Why can interaction with a macroscopic apparatus, such as a Stern-Gerlach machine, sometimes not cause a measurement?

It's a very good question, since indeed if the original Stern-Gerlach machine had a well-defined momentum, then you are right that there could be no coherence upon rejoining the beams! The rule of thumb for decoherence: a superposition is destroyed/decohered when information has leaked out. In this setting that would mean that if by measuring, say, the momentum of the Stern-Gerlach machine you could figure out whether the spin had curved upwards or downwards, then the quantum superposition between up and down would have been destroyed.

Let's be more exact, as it then will become clear why in practice we can preserve the quantum coherence in this kind of set-up.
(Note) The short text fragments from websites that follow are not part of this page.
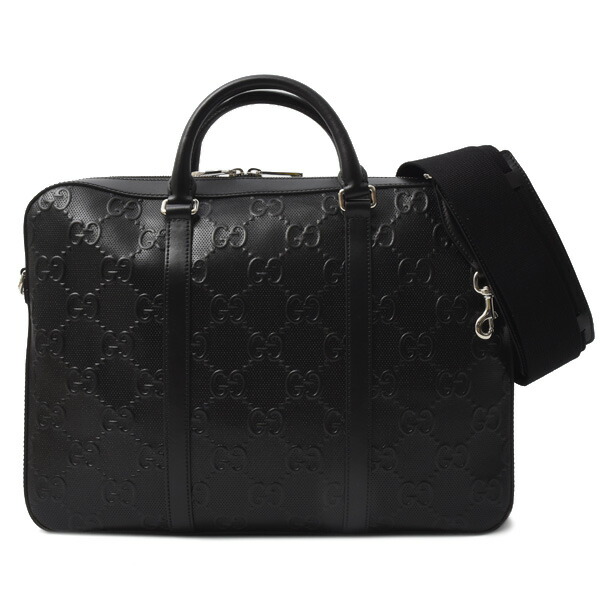 GUCCI　ビジネスバッグ 楽天市場】グッチ バッグ メンズ グッチシマ ブリーフケース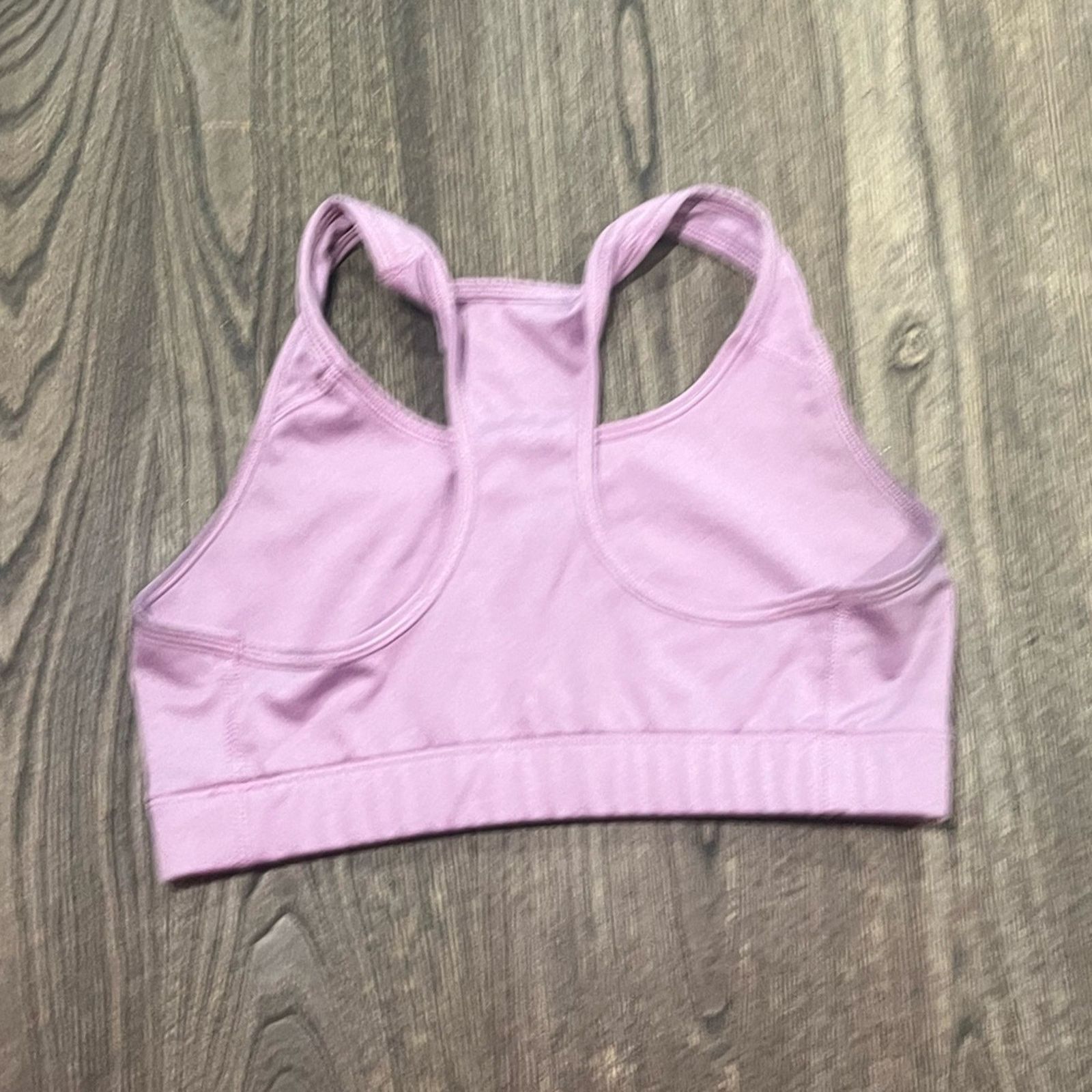 Nike Nike Dri-Fit Womens Sports Bra Racerback Swoosh Size M Size M / US 6-8 / IT 42-44 - 5 Thumbnail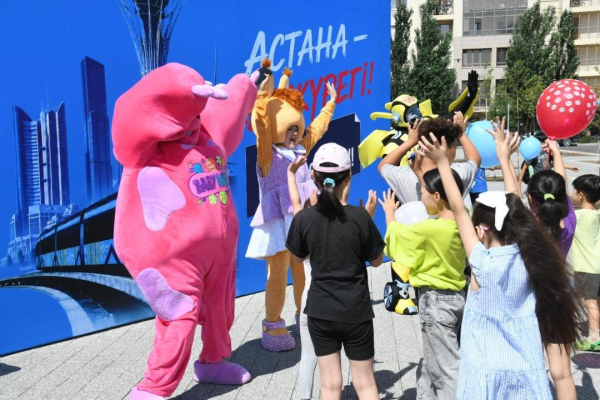 Ко Дню Астаны в районе Нура открыли новые скверы и спортивные площадки Ко Дню Астаны в районе Нура открыли новые скверы и спортивные площадки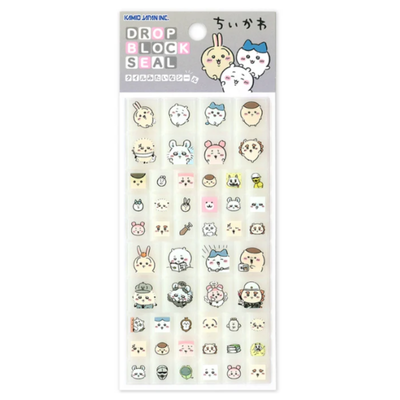【MIX 2】Chiikawa Drop Block Stickers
Let us for simplicity suppose that the first Stern-Gerlach machine simply imparts a momentum $\pm k$ to the spin, with the sign depending on the spins orientation. By momentum conservation, the Stern-Gerlach machine gets the opposite momentum, i.e. (using that $\hat x$ generates translation in momentum space) $$\left( |\uparrow \rangle + |\downarrow \rangle \right) \otimes |SG_1\rangle \to \left( e^{- i k \hat x} |\uparrow \rangle \otimes e^{ i k \hat x} |SG_1\rangle \right) + \left( e^{i k \hat x} |\downarrow \rangle \otimes e^{- i k \hat x} |SG_1\rangle \right) $$ Let us now attach the second (upside-down) Stern-Gerlach machine, with the final state $$\to \left( |\uparrow \rangle \otimes e^{ i k \hat x} |SG_1\rangle \otimes e^{-i k \hat x} |SG_2\rangle \right) + \left( |\downarrow \rangle \otimes e^{- i k \hat x} |SG_1\rangle \otimes e^{ i k \hat x} |SG_2\rangle \right) $$

For a clearer presentation, let me now drop the second SG machine (afterwards you can substitute it back in since nothing really changes). So we now ask the question: does the final state $\boxed{ \left( |\uparrow \rangle \otimes e^{ i k \hat x} |SG_1\rangle \right) + \left( |\downarrow \rangle \otimes e^{- i k \hat x} |SG_1\rangle \right) }$ still have quantum coherence between the up and down spins?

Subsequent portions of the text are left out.